[Dataset records]
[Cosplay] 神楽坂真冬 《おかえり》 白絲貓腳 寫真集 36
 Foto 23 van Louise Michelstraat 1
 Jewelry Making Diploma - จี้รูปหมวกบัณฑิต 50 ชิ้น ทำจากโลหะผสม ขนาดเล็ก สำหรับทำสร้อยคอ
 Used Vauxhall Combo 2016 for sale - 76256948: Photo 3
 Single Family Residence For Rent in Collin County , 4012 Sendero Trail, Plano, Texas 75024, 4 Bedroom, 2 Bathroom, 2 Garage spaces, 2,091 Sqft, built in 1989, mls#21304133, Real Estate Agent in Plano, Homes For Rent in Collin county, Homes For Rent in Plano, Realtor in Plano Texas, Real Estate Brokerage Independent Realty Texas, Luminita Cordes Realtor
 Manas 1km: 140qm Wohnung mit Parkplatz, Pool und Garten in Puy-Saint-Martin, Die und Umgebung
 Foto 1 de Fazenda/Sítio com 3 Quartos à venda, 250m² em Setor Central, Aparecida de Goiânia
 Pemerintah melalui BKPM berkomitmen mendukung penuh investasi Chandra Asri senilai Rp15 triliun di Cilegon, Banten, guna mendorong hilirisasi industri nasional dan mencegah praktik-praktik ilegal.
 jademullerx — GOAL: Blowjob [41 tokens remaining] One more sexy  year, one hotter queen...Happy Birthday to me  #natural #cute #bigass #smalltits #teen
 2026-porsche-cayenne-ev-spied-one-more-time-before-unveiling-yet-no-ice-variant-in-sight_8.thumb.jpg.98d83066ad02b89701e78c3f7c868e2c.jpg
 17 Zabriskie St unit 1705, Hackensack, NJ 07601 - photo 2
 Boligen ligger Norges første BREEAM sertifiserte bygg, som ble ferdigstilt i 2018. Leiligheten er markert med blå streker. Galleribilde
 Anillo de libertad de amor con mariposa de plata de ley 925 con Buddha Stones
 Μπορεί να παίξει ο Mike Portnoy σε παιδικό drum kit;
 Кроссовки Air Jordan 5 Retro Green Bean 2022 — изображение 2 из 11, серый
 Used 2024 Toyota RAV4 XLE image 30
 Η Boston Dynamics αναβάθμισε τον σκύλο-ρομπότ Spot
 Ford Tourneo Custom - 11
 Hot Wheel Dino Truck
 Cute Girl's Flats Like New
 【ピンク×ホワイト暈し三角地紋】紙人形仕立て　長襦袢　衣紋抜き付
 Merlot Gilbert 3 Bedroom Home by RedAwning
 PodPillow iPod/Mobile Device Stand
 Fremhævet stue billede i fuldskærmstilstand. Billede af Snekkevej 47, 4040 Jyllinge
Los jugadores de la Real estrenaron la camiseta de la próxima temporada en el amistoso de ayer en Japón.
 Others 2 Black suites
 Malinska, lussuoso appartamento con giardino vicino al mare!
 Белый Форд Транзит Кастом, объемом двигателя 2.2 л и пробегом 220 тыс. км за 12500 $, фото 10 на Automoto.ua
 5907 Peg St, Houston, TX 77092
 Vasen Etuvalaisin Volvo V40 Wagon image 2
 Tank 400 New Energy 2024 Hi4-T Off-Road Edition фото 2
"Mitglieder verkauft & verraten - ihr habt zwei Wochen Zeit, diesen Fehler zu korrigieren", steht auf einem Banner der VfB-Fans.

__WORK TASK__.
Pick out the lines above that hold the string "more" and show them.

__EXERCISE ANSWER__.
 jademullerx — GOAL: Blowjob [41 tokens remaining] One more sexy  year, one hotter queen...Happy Birthday to me  #natural #cute #bigass #smalltits #teen
 2026-porsche-cayenne-ev-spied-one-more-time-before-unveiling-yet-no-ice-variant-in-sight_8.thumb.jpg.98d83066ad02b89701e78c3f7c868e2c.jpg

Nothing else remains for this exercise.